E ancora di resilienza ci parla Sarantis Thanopulos, Presidente della Società psicoanalitica italiana: “Si vive al presente continuo, di conseguenza il futuro (le sue minacce e le sue potenzialità) non esiste, dal passato non si apprende niente e il lutto (il travaglio connesso alla trasformazione) è una parola brutta. La maggioranza degli umani vive allo stato dell’indifferenza, giorno per giorno. La domanda che più rapidamente si diffonde, e determina ormai il mercato, è quella dei dispositivi di eccitazione e scarica; la creazione di una neo-realtà che aiuti a dimenticare la realtà vera, a fuggire in un mondo di fantasia pura, necessariamente autistico, autoerotico.
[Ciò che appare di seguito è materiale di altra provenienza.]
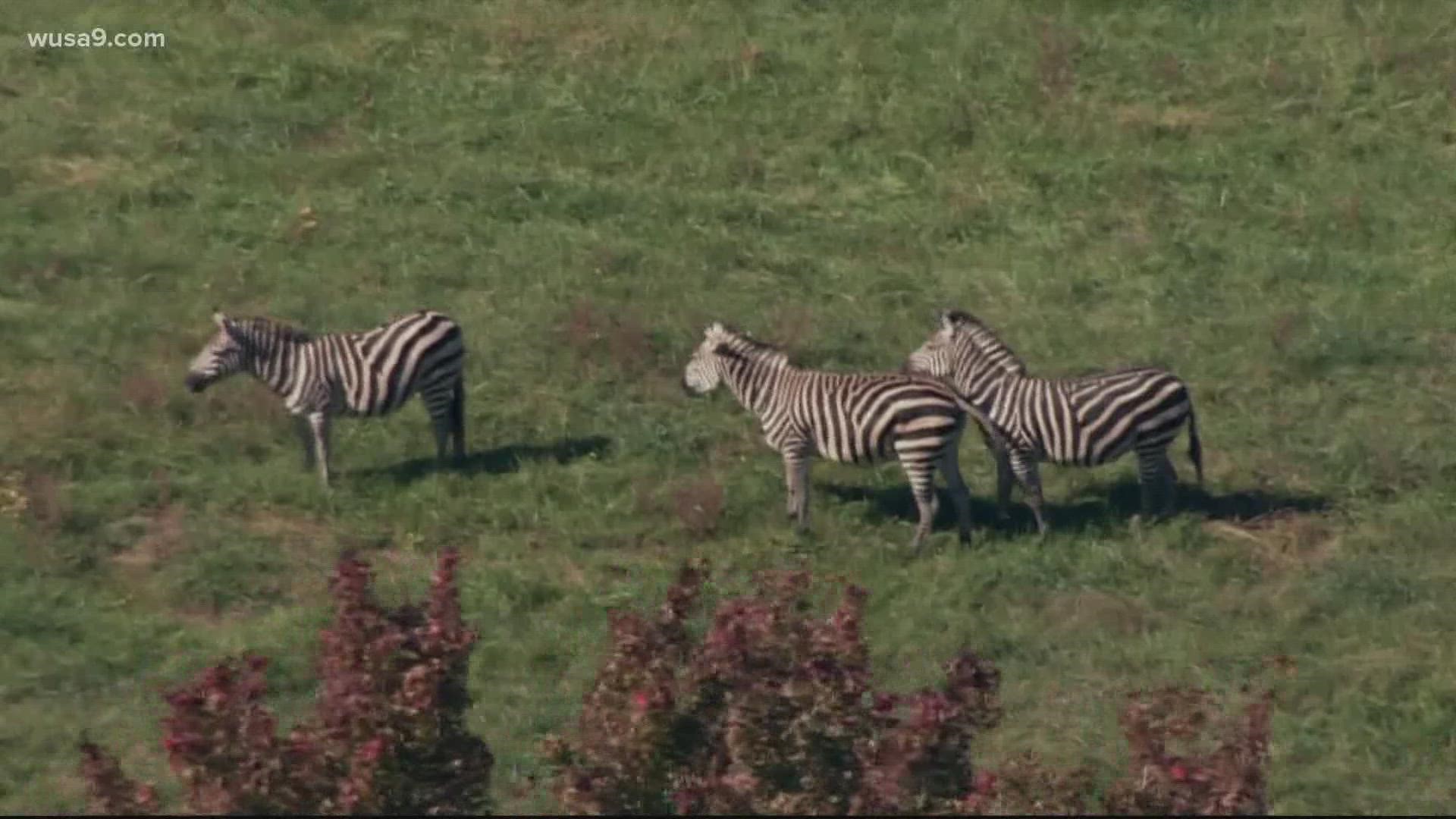 Can You Own a Zebra in Virginia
Ciechi come talpe ci scaviamo la fossa. Questo è il mondo della resilienza”.    

Resilienza – per il tecno-capitalismo – è appunto sinonimo di adattamento. E come scriveva ormai quasi cento anni fa il neoliberale Walter Lippmann, il neoliberalismo è l’unica filosofia “che possa condurre all’adeguamento della società umana alla mutazione industriale e commerciale fondata sulla divisione del lavoro”; che a sua volta è un dato storico [un dato di fatto, da accettare, come oggi il riscaldamento climatico] che non può essere modificato; compito del neoliberalismo è modificare l’uomo, adattandolo alle esigenze della produzione e di un capitalismo che deve diventare “un nuovo sistema di vita per l’intera umanità”; ovvero l’ambiente sociale e il sistema capitalistico devono sempre tendere a formare tra loro un tutto armonico: questa è appunto la pianificazione tecno-capitalista della nostra way of life, al cui confronto i piani quinquennali sovietici erano davvero poca cosa. 

E invece di ribellarci ci facciamo oggi resilienti, cioè ci adattiamo ancora una volta alle esigenze del capitale (e del tecno-capitale). Dovremmo indignarci e ribellarci contro la causa che determina la crisi climatica e invece gli elettorati del mondo, Svizzera compresa, votano sempre più per quelle destre populiste, sovraniste e negazioniste e comunque neoliberali/capitaliste che sono la continuazione del capitalismo con altre forme e altri mezzi politici. Mentre le sinistre sono ormai del tutto incapaci di vedere le leggi di tendenza del capitale e di fare quindi un ragionamento critico e poi una proposta anti-capitalista. Tutti ciechi come talpe, appunto.